Since water level changes accelerate sinkhole collapse, measures must be taken to minimize water level changes. The areas most susceptible to sinkhole collapse can be identified and avoided. In karst areas the traditional foundation evaluations (bearing capacity and settlement) of the ability of soil to support a structure must be supplemented by geotechnical site investigation for cavities and defects in the underlying rock. Since the soil/rock surface in karst areas are very irregular the number of subsurface samples (borings and core samples) required per unit area is usually much greater than in non-karst areas.

More than three acres of trees are missing in a forest after collapsing into a funnel shaped pit with water at the bottom.
More than three acres of forest suddenly disappeared into this "December Giant" sinkhole in Montevallo, Alabama.

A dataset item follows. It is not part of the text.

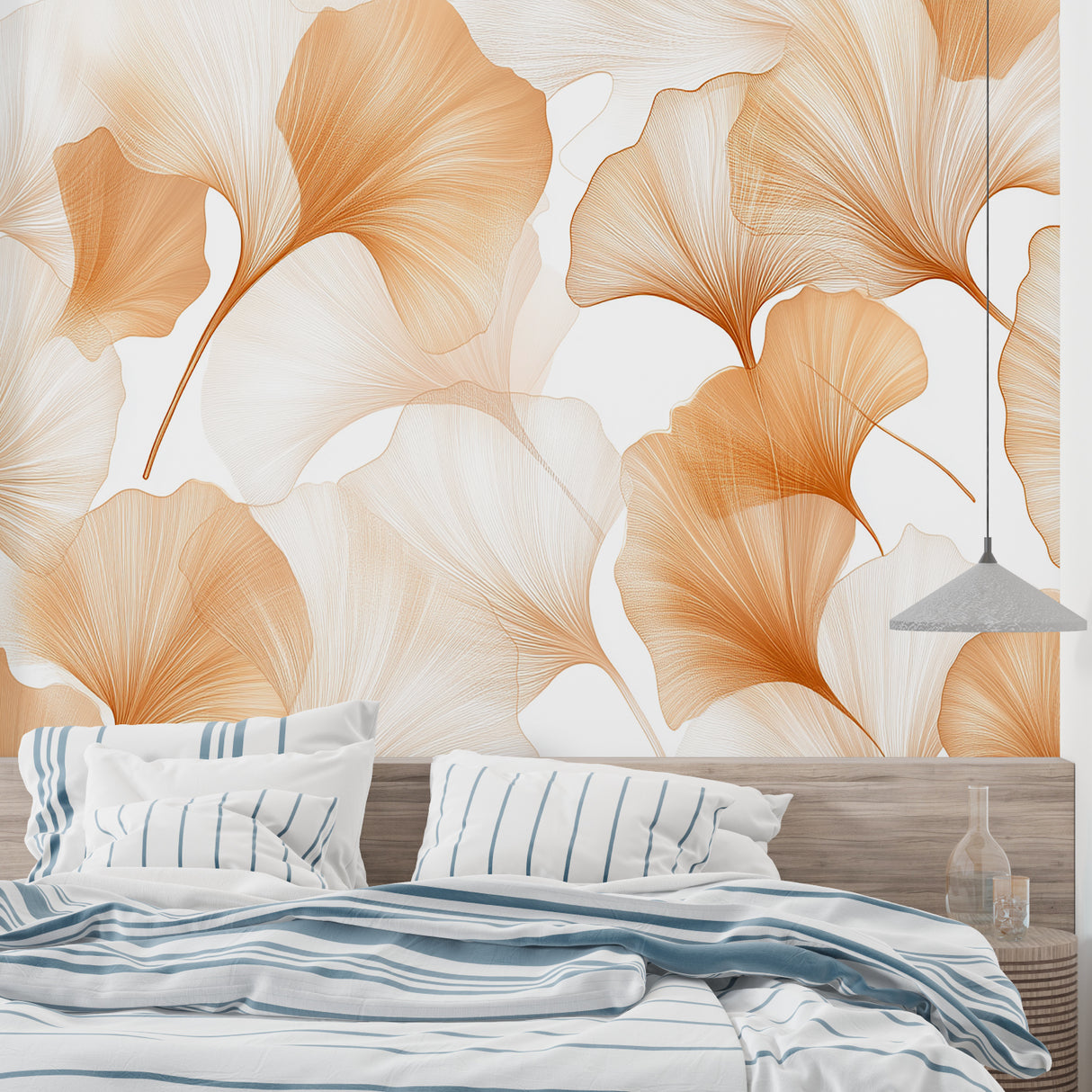 Botanical wall mural with fan-shaped leaves in cozy bedroom setting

In 2015, the U.S. Geological Survey estimated the cost for repairs of damage arising from karst-related processes as at least $300 million per year over the preceding 15 years, but noted that this may be a gross underestimate based on inadequate data. The greatest amount of karst sinkhole damage in the United States occurs in Florida, Texas, Alabama, Missouri, Kentucky, Tennessee, and Pennsylvania. The largest recent sinkhole in the USA is possibly one that formed in 1972 in Montevallo, Alabama, as a result of man-made lowering of the water level in a nearby rock quarry. This "December Giant" or "Golly Hole" sinkhole measures 130 m (425 ft) long, 105 m (350 ft) wide and 45 m (150 ft) deep.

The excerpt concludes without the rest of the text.